Banging the table isn’t what a superpower does unless it’s super no more. But for a superpower which doesn’t realise its own weakness, a banging war with Russia is no piece of cake.
Right now, just days from the Russian deadline announced last week for the US and NATO to deliver their written proposals for stopping short of war in Europe, the media blitz, propaganda and cyber warfare are obscuring the fundamental reality on the ground along the Ukraine front. Simply put, if the war will be what US State Department officials Antony Blinken and Victoria Nuland and Canadian officials Chrystia Freeland and Justin Trudeau say they will fight for in the Donbass, then the Ukraine regime of Vladimir Zelensky will be defeated, and his Ukraine will cease to be a state. This is a recipe the cook won’t survive to taste.
The Americans and Canadians may think the leftover from this defeat will be tasty enough. That would be the Galician region, between Lvov in western Ukraine and Cracow in southern Poland, which the German Army ruled between 1941 and 1943, before running away from the Red Army.

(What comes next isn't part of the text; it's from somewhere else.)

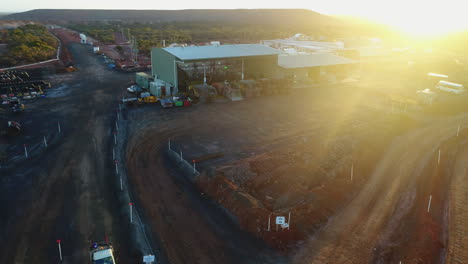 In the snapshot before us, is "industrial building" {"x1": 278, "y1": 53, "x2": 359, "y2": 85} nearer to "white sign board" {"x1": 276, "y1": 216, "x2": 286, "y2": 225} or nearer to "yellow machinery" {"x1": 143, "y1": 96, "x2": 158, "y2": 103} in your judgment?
"yellow machinery" {"x1": 143, "y1": 96, "x2": 158, "y2": 103}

They may also be calculating that the new US sanctions they are threatening against Russia will be so crippling that the outcome of the war will be preferable to the situation now – that outcome would be an independent Catholic, Ukrainian-speaking Galicia in its Nazi borders; the disappearance of Orthodox Christian, Russian-speaking Donbass into the Russian federation; Russia quarantined financially from the western world for the foreseeable future.
Is this the we-can’t-lose calculation of Blinken, Nuland and Freeland – the three Ukrainians* who have captured the warmaking policy of both states of North America?